The number of one-hectare plots for each forest type listed by country. Guyana and Suriname are used as one dataset. Type abbreviations are Igapó (IG), Podzol (PZ), Swamp (SW), Terra Firme (TF), and Várzea (VA). Minimum diameter at breast height (DBH) as limit for measurement was 10 centimeters for all plots
| IG | PZ | SW | TF | VA | Min. DBH | Nr. 1-Ha plots | |
|---|---|---|---|---|---|---|---|
| Guyana/Suriname | 0 | 21 | 0 | 45 | 1 | 10 | 67 |
| Ecuador | 2 | 3 | 4 | 53 | 10 | 10 | 72 |
| French Guiana | 0 | 0 | 0 | 63 | 0 | 10 | 63 |
| Total | 2 | 24 | 4 | 161 | 11 | NA | 202 |
Overview of all adjusted R2 coefficients from the linear regression for each analysis; listed for all three datasets. All regression coefficients were found significant at a 0.001 significance level after 5000 permutation iterations.

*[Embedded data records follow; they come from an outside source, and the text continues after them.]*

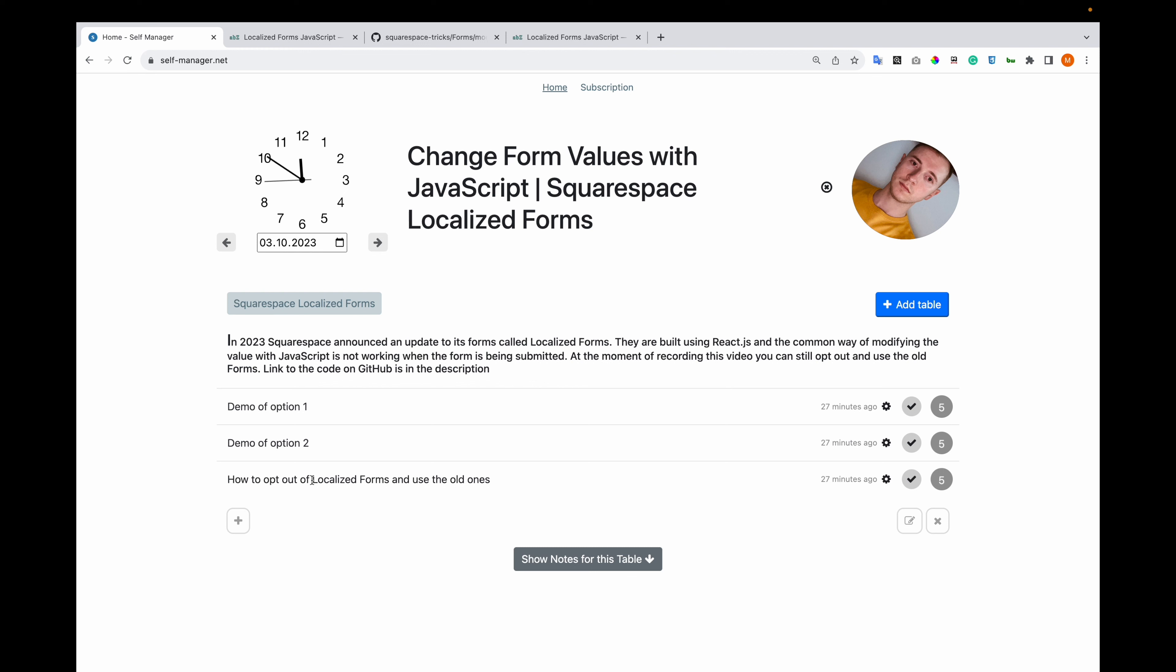In case you want to use the old ones, maybe your code is more complex and requires some time. You can work while you develop on the localized forms. Let me show you option 1.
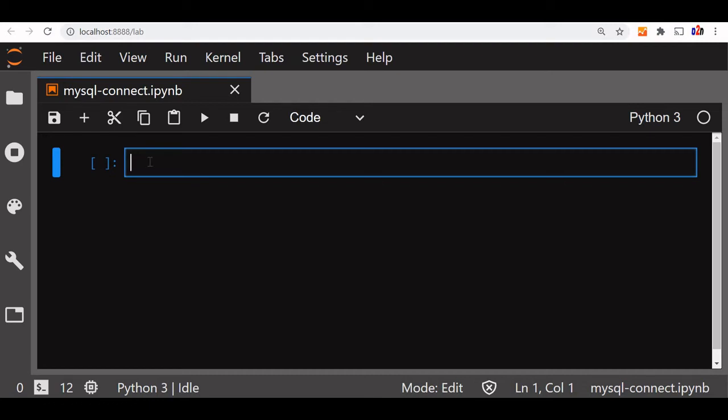We are inside our Anaconda environment using a Jupyter Notebook. MySQL is running in the background. We will connect to MySQL and run some sample queries to get the data. For all the installation details, you can watch our other videos.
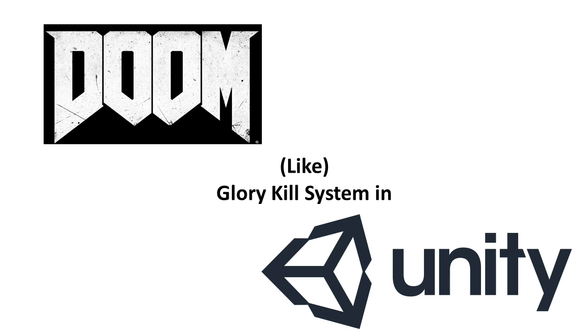Hi guys, welcome to the second episode of how to make a Doom-like lyrical system in Unity. Let's get started.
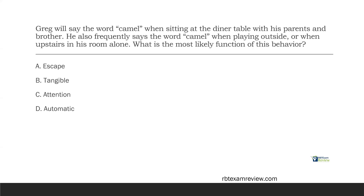If it's a tangible, typically we'll see the consequence of gaining access to a certain toy or tangible. If it's attention, the consequence is going to be gaining attention. With automatic, however, since it's typically just by that person's self — automatic means alone — we don't need another party. So if you see a behavior happening in a variety of environments, in a variety of scenarios, when they're getting attention, when they have a tangible, when they're not trying to escape and the behavior is still occurring, we start to lean towards automatic. Greg was sitting at the dinner table with his parents and brother and says the word camel — so he's got attention and apparently he's got food. He also frequently says the word camel when playing outside in a different environment, or when he's alone. All of these signs — it happens in all these different settings including when he's alone — typically signal an automatic function for the behavior.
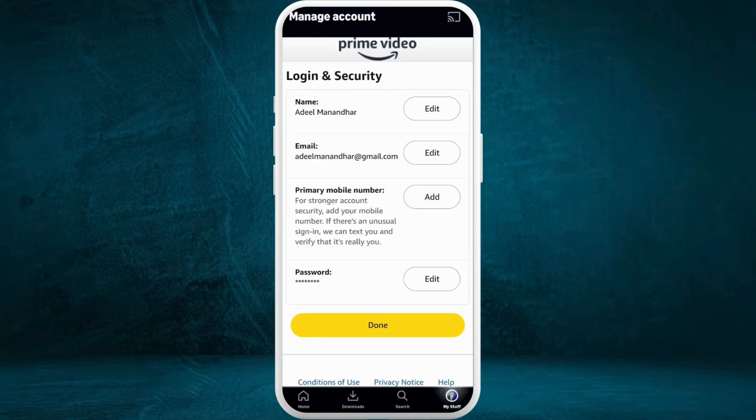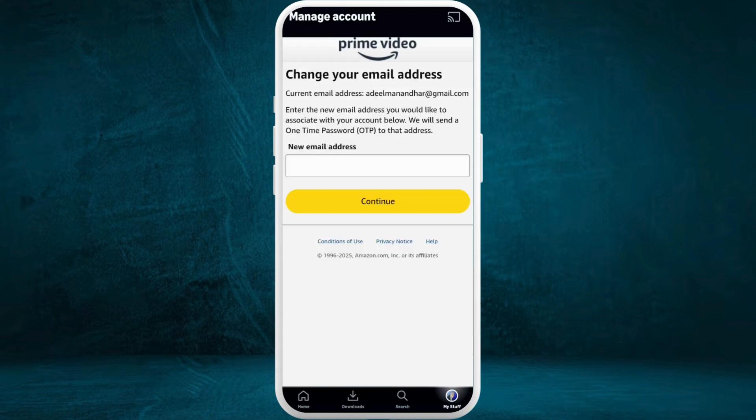You need to sign into your account first. Enter your email address and your password, and now sign into your account. After you are signed in, you will see this kind of interface. Here in the 'Login and Security' section, you can see the email option.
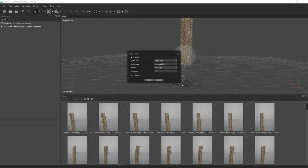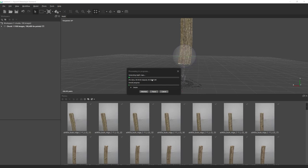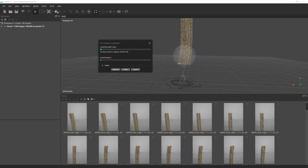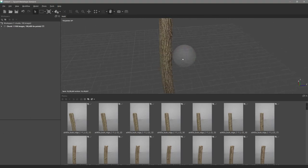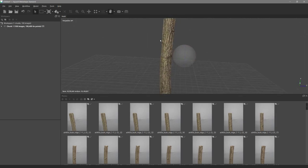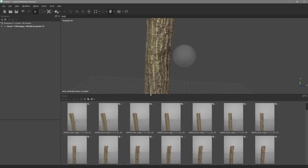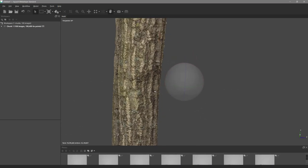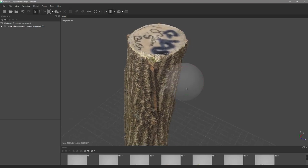After about 30–35 minutes, the mesh is built. The result is about 40 million polygons with incredible detail — you can see fine ridges in the solid view. That's our high-poly scan.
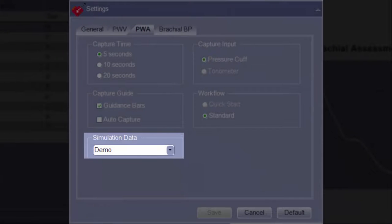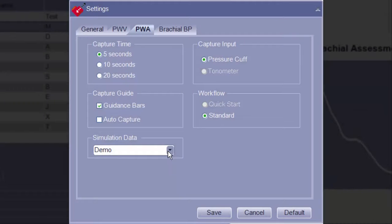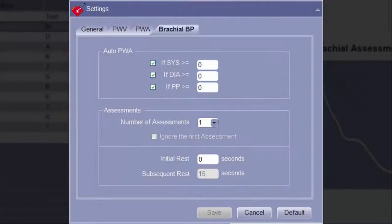In the Simulated Data section, the default file used during simulated assessments can be selected. Additionally, when an error is encountered during pulse wave analysis assessments that prevents a report from being generated, a simulated file is automatically created and placed in the simulation directory. This file can then be selected from the drop-down menu and used as a source of troubleshooting. At this time, in both the Capture Input and the Workflow section, there is only one option that can be selected and it is not possible to change.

Results of the stratification were averaged over 50 runs for each diversity index
| Guyana/Suriname | Ecuador | French Guiana | |
|---|---|---|---|
| Valid versus Morpho | |||
| Fisher's Alpha | 0.967 | 0.959 | 0.970 |
| Mantell Bray–Curtis | 0.983 | 0.998 | 0.999 |
| Mantell Bray–Curtis (genus level) | 0.739 | 0.805 | 0.904 |
| Mantell Jaccard | 0.983 | 0.998 | 0.999 |
| Mantell Sørensen | 0.966 | 0.995 | 0.996 |
| Raup–Crick | 0.918 | 0.955 | 0.967 |
| NMDS axis 1 | 0.979 | 0.998 | 0.9997 |
| NMDS axis 2 | 0.991 | 0.988 | 0.998 |
| Stratification (50%) Bray–Curtis | 0.80 (SD 0.17) | 0.92 (SD 0.042) | 0.92 (SD 0.05) |
| Stratification (50%) Sørensen | 0.60 (SD 0.073) | 0.85 (SD 0.02) | 0.81 (SD 0.051) |
| Stratification (50%) Jaccard | 0.78 (SD 0.19) | 0.91 (SD 0.04) | 0.92 (SD 0.05) |
| Stratification (25%) Bray–Curtis | 0.59 (SD 0.2) | 0.81 (SD 0.07) | 0.82 (SD 0.09) |
| Stratification (25%) Sørensen | 0.51 (SD 0.12) | 0.75 (SD 0.06) | 0.71 (SD 0.097) |
| Stratification (25%) Jaccard | 0.59 (SD 0.19) | 0.79 (SD 0.072) | 0.81 (SD 0.095) |
Figure 3Rank abundance curves for the IMS (blue) and AMS dataset (red) for Guyana/Suriname (upper left), Ecuador (upper right), and French Guiana (bottom left), showing the effect of omitting UMS. The AMS dataset contains many more rare species and the UMS are mostly in the tail of the distribution as indicated by the dashed line separating the truncated IMS datasets and the AMS datasets, effectively transforming the curve from a logseries to a lognormal.
Figure 2Comparisons between the IMS and AMS dataset for species richness per plot (top left), Fisher's alpha (top right), pairwise similarities between all plot pair combinations (bottom left), and axis 1 scores of the nonmetric multidimensional scaling (bottom right). All analyses were performed on the three large subsets Guyana/Suriname (o), Ecuador (Δ), and French Guiana (+). All analyses show extremely similar results and yield high R2 values.
Figure 4Comparisons between pairwise similarities between all plot pair combinations using a higher-taxon-level indicator (here genus level) and the AMS dataset (Guyana/Suriname topright, Ecuador bottom left, and French Guiana bottom right). Although patterns still remain the same, similarities are continuously higher than expected based on AMS when using only higher taxa as an indicator. Results show that using only IMS in comparison with AMS gives a better fit.